→ ABOUT THIS TASK
After locating the line that holds "Strong kujaku 25cm male", repeat it and each following line exactly until the material ends, skipping pictures.

→ ENTRIES SUPPLIED

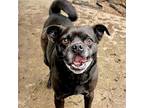 Adopt Herb (ID# A0052259213) a Black Pug / Mixed dog in Oakland, CA (37639968)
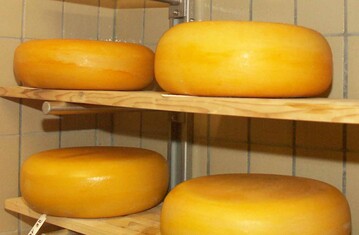 K�se ist nicht gleich K�se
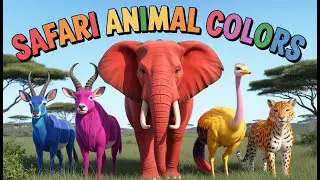 Safari Animal Colors Song 🦁🐘🦓🦒 | Learn Colors with Fun Safari Animals | Kids Songs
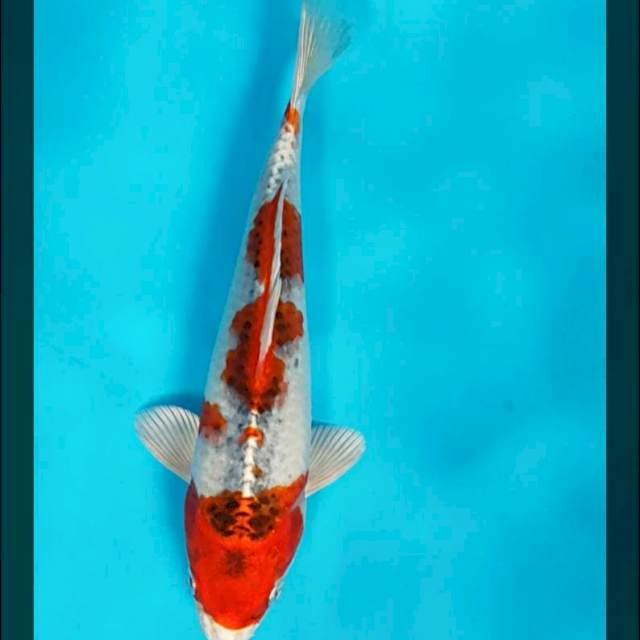 Strong kujaku 25cm male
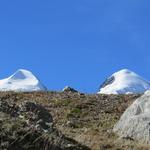 Blick zu den Zwillingen Castor und Pollux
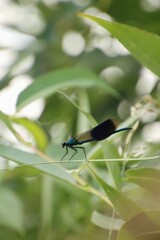 a black and blue dragonfly is hidden among the leaves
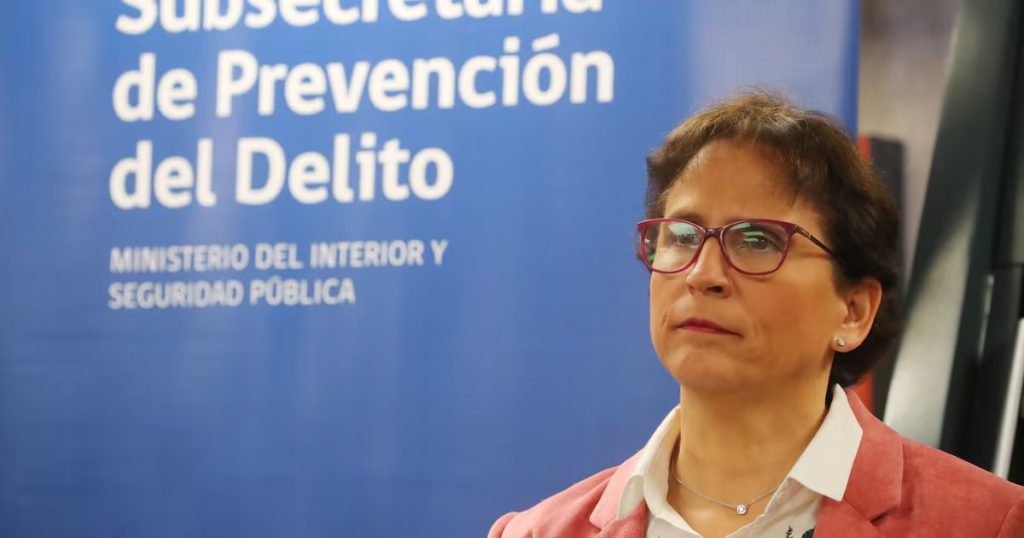 Controversia por Cámaras de Seguridad en Chile: Proyecto Estancado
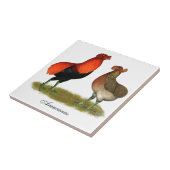 Carreau Paires de rouge d'Araucana (Côté)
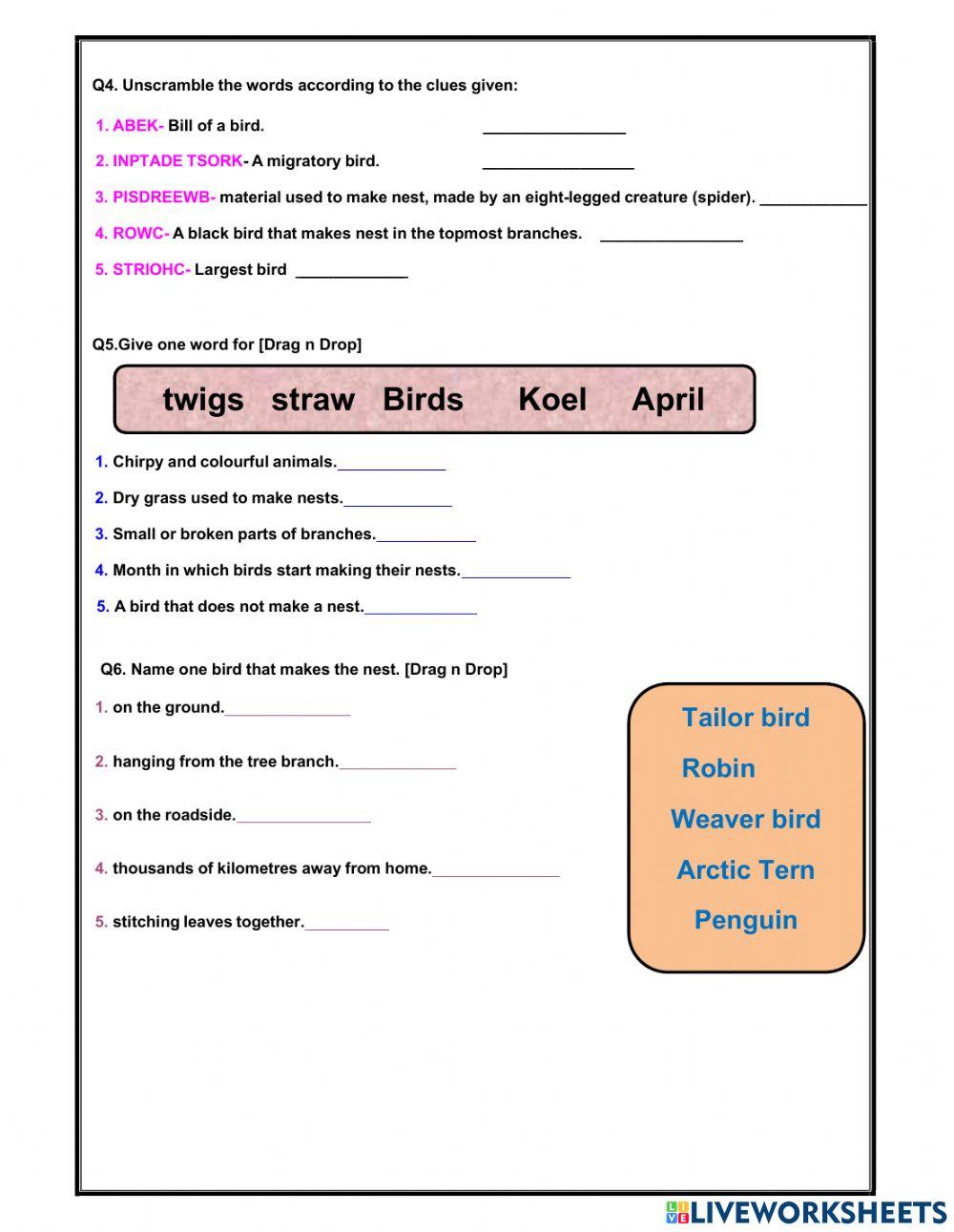 Birds and their nests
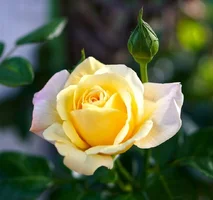 1 (50).webp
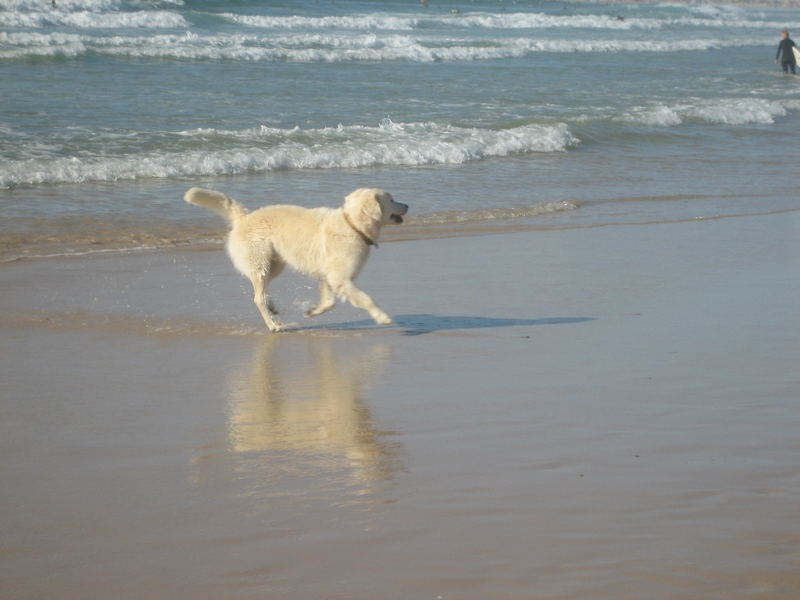 Hund in Portugal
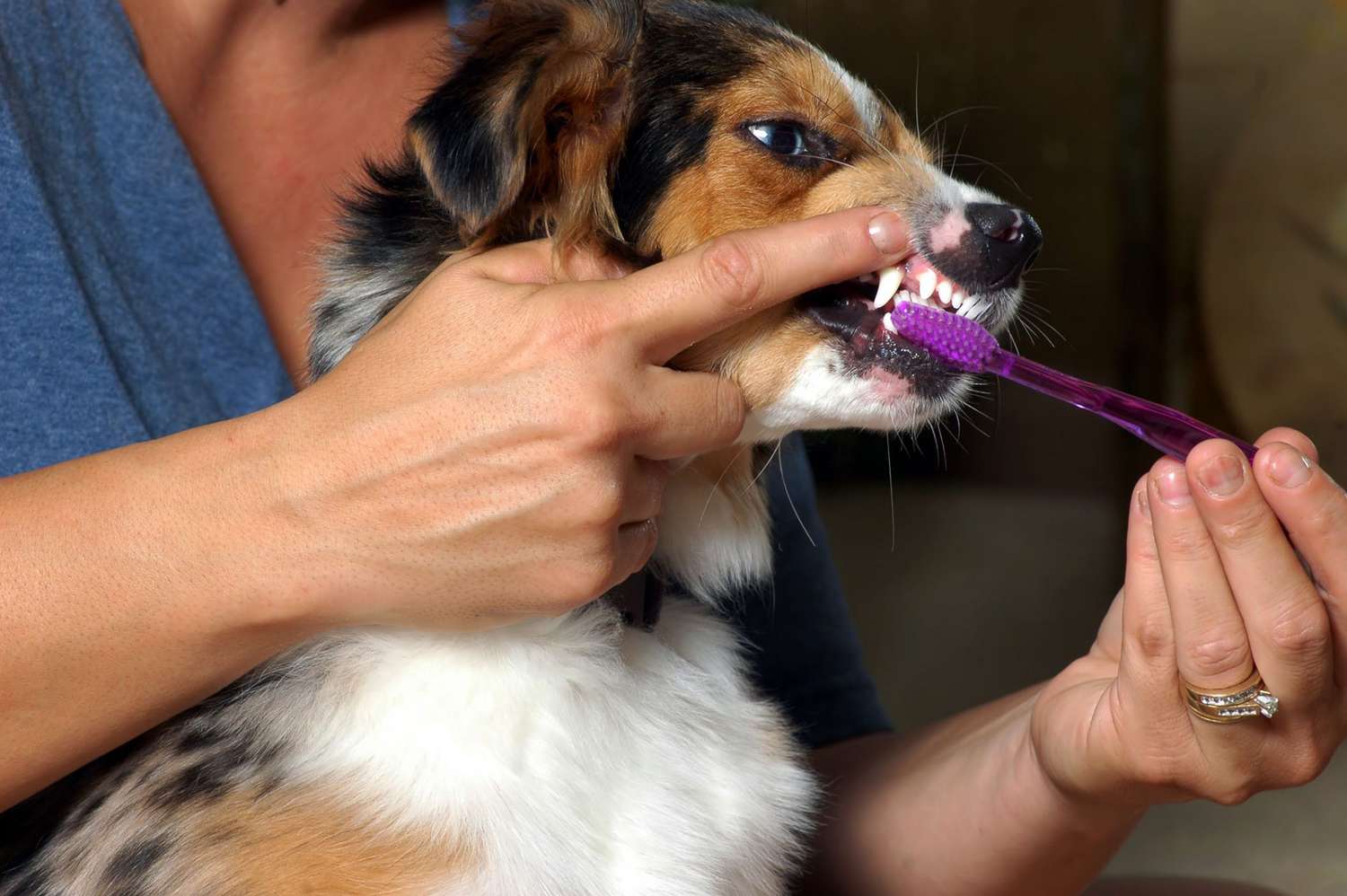 How To Brush My Dogs Teeth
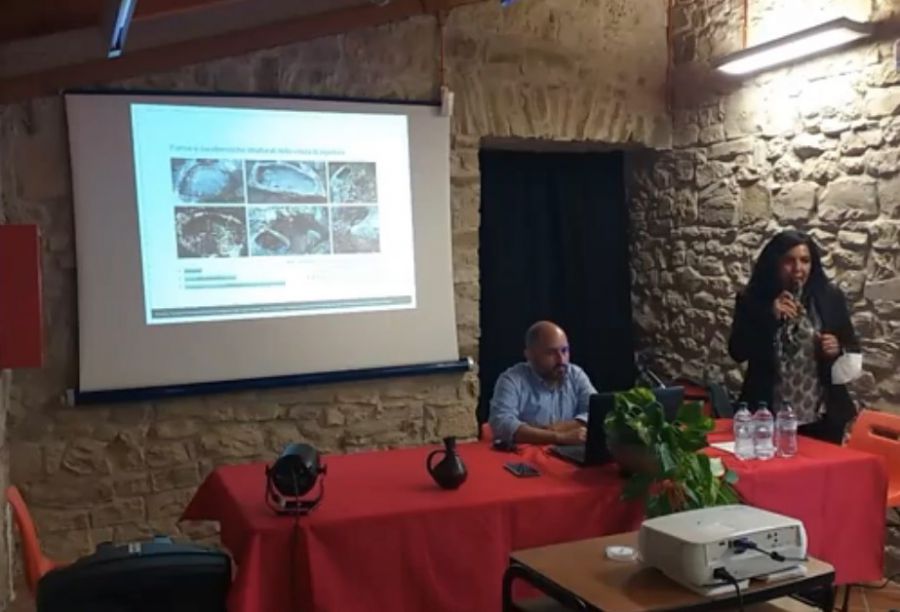 Laboratorio del vino nel villaggio nuragico di Genna Maria-Villanovaforru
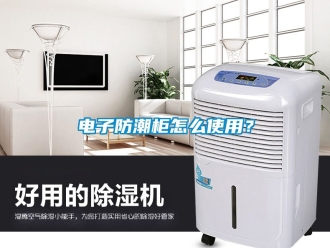 常見問題電子防潮柜怎么使用？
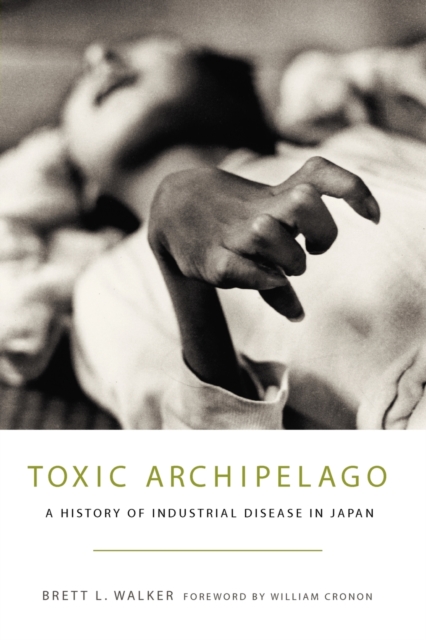 Toxic Archipelago : A History of Industrial Disease in Japan, Paperback / softback Book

→ OUTPUT OF THE TASK
 Strong kujaku 25cm male
 Blick zu den Zwillingen Castor und Pollux
 a black and blue dragonfly is hidden among the leaves
 Controversia por Cámaras de Seguridad en Chile: Proyecto Estancado
 Carreau Paires de rouge d'Araucana (Côté)
 Birds and their nests
 1 (50).webp
 Hund in Portugal
 How To Brush My Dogs Teeth
 Laboratorio del vino nel villaggio nuragico di Genna Maria-Villanovaforru
 常見問題電子防潮柜怎么使用？
 Toxic Archipelago : A History of Industrial Disease in Japan, Paperback / softback Book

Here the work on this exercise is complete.